30 mai 1985 Paru dans le N°92 à la page 46 ( mots)
Rédigé par : J.-j. JOURDAN

Nécessité de la mesure de la concentration en oxygène dissous dans les eaux de chaudière

Le risque de corrosion des équipements coûteux de production électrique par l’oxygène dissous a impliqué le besoin de procéder à une désaération mécanique et chimique, en continu, des eaux utilisées dans les chaudières.

Cela impose le contrôle, également en continu, de l’efficacité de ce procédé. L’instrument idéal pour ce contrôle doit être utilisable aussi bien pour la mesure continue à poste fixe que pour les mesures ponctuelles à différents points de mesure, et donc être parfaitement portatif.

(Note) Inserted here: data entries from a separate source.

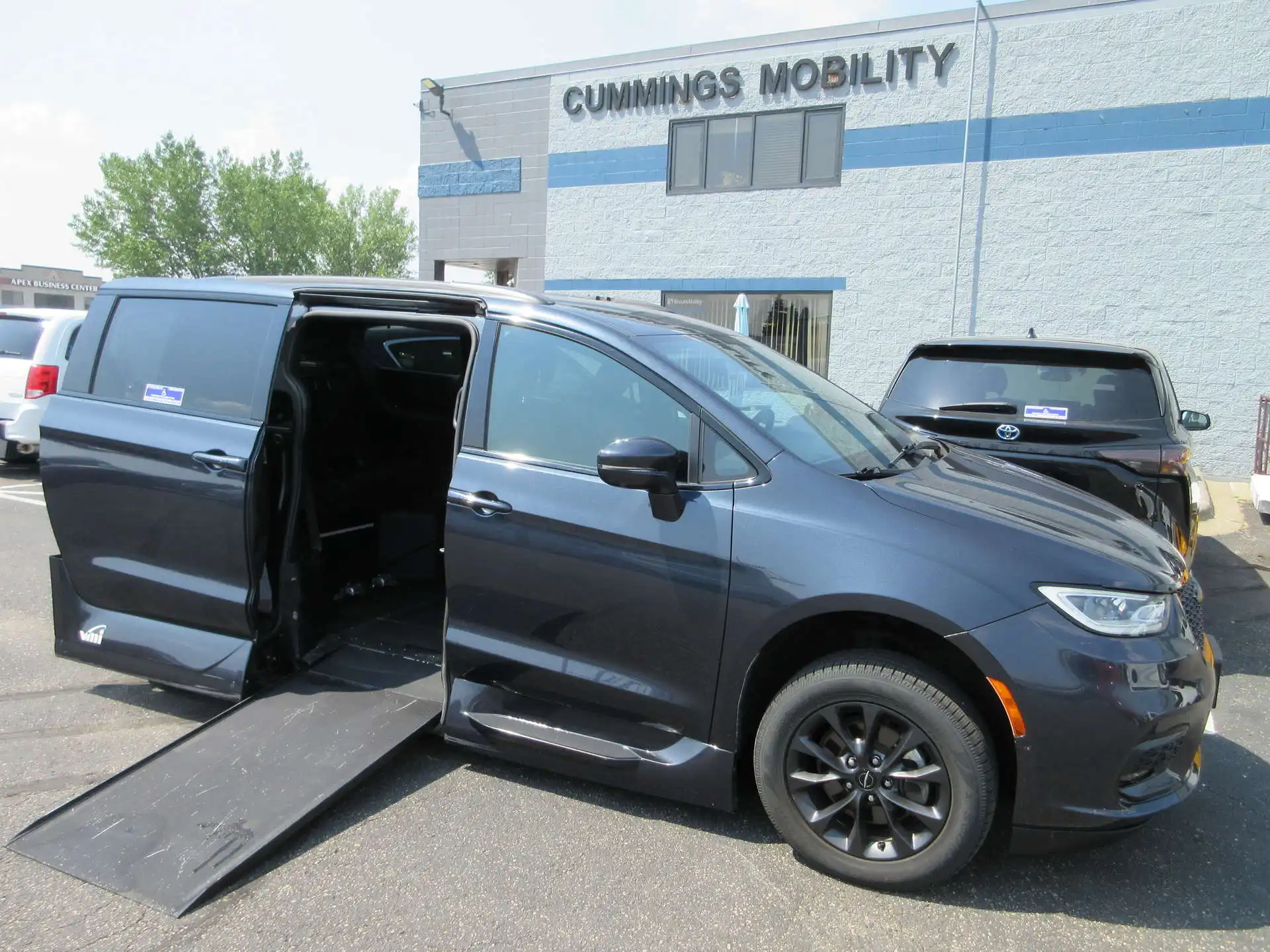 2021 Chrysler Pacifica Touring L's photo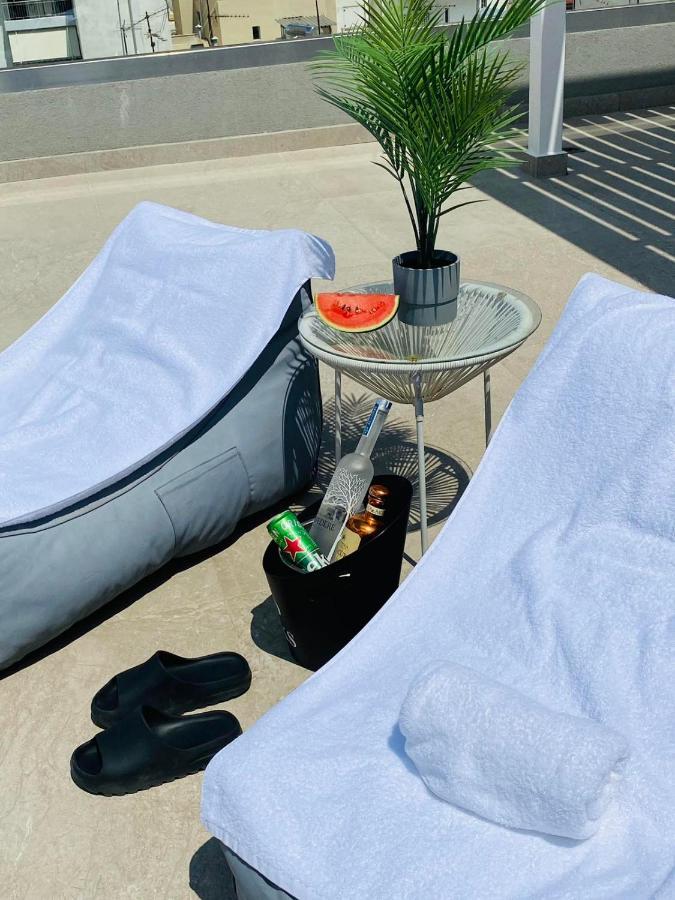 אתונה New 2Bd Aprt With Shared Rooftop Pool E2 מראה חיצוני תמונה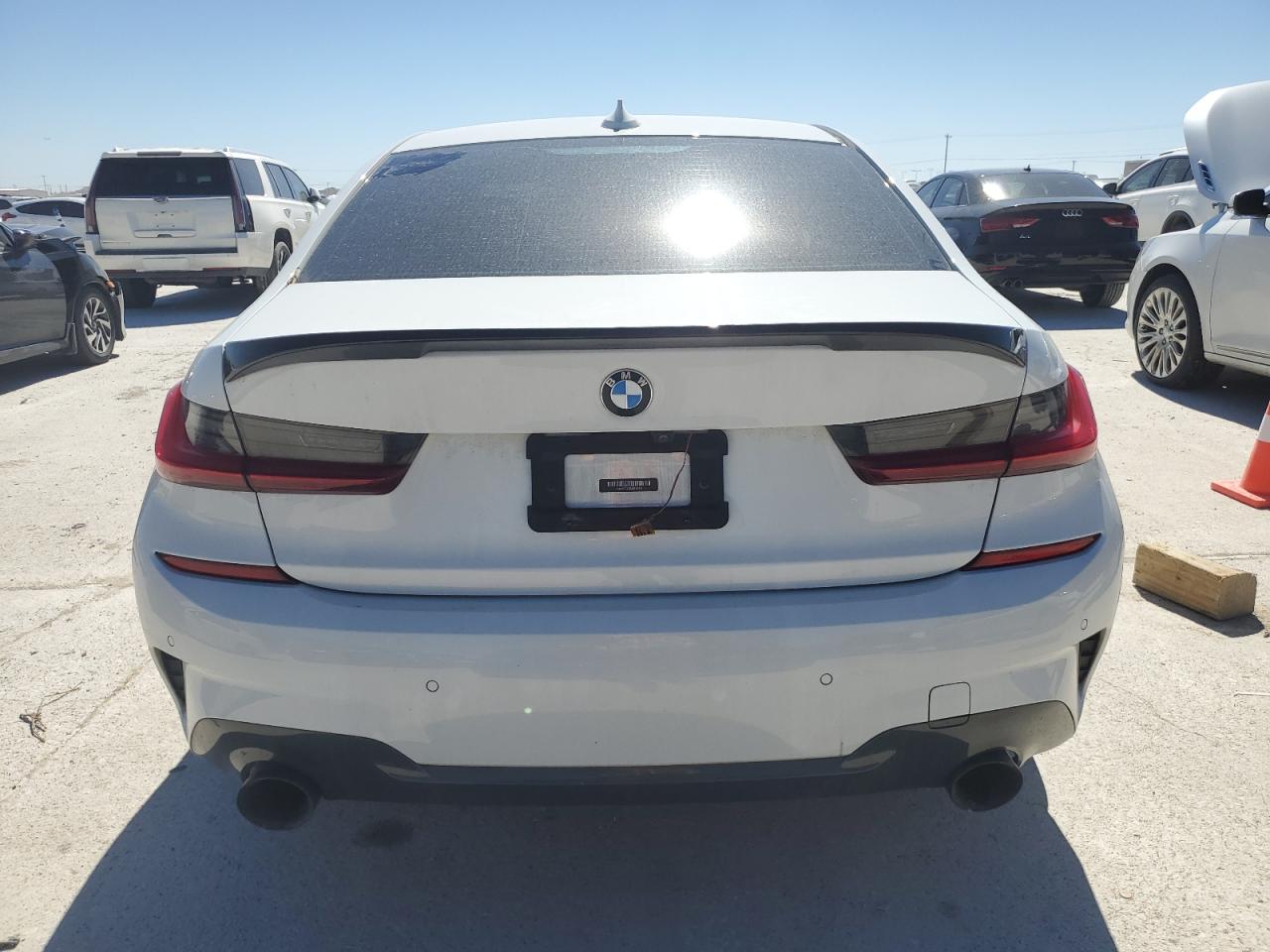 2021 BMW 3er VIN 3MW5R7J01M8B58472 Copart auction photo, front end / side damage thumbnail 6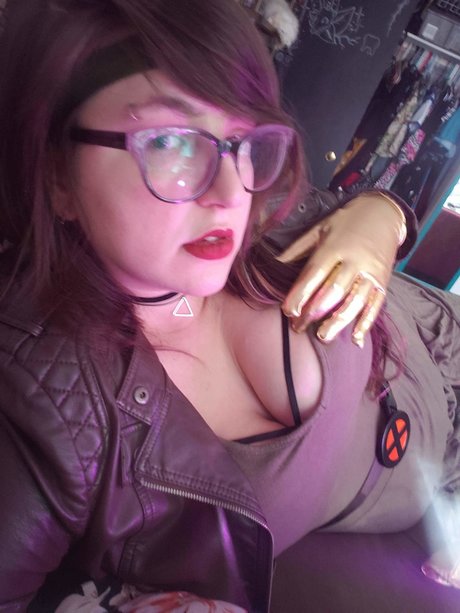 エモオンリーファン セクシーヌード ギャラリー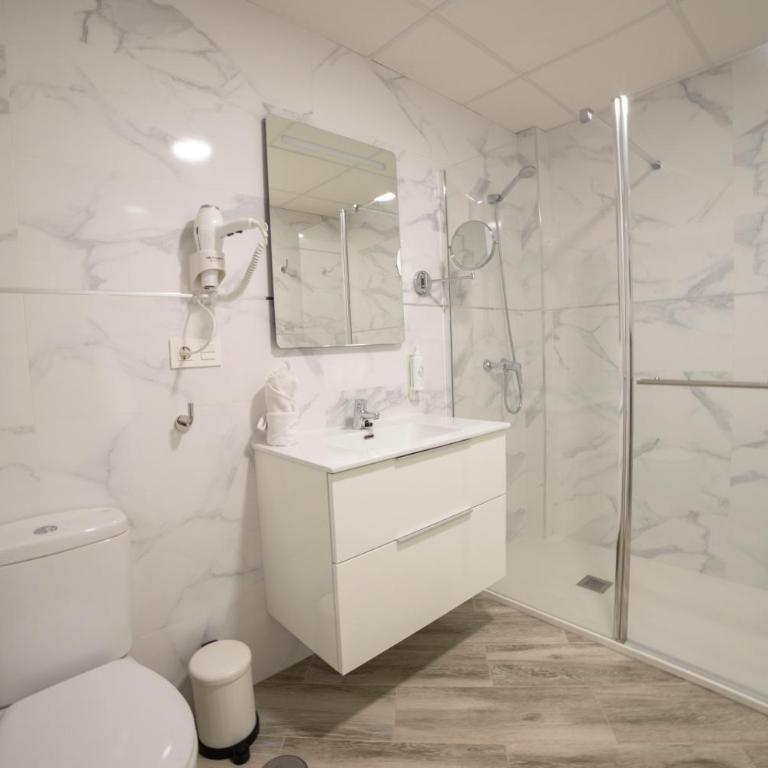 Hostal Altea Karma - Habitación Cuádruple Estándar - 14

Il doit être également capable d’effectuer des mesures précises de toute concentration d’oxygène dissous comprise entre 1 µg/l – 1 ppb – (valeur habituelle de l’eau désaérée) et 15 mg/l – 15 ppm – (valeur de l’eau froide à saturation à l’entrée de la chaudière).

De plus, le capteur doit supporter de longues périodes d’utilisation sans maintenance, avec un minimum de pré-conditionnement de l’échantillon.

Le système 2713 Orbisphère remplit toutes les conditions citées ci-dessus :

  • - il est facilement portable, mais utilisable en continu ; il est alimenté soit par une batterie rechargeable, soit par le secteur ; ses batteries assurent une autonomie de fonctionnement de 20 heures, et sont rechargées par un chargeur interne ;
  • - il permet la mesure de concentration dans la gamme de 1 µg/l à 20 mg/l, avec une précision supérieure à 1 % du signal et des fréquences normales de maintenance d’une opération (et moins) par mois.
[Photo : Fig. 1. – Le système 2713 Orbisphère. La cellule à circulation de l’eau à analyser est débranchée de la sonde (les trois pièces forment un ensemble).]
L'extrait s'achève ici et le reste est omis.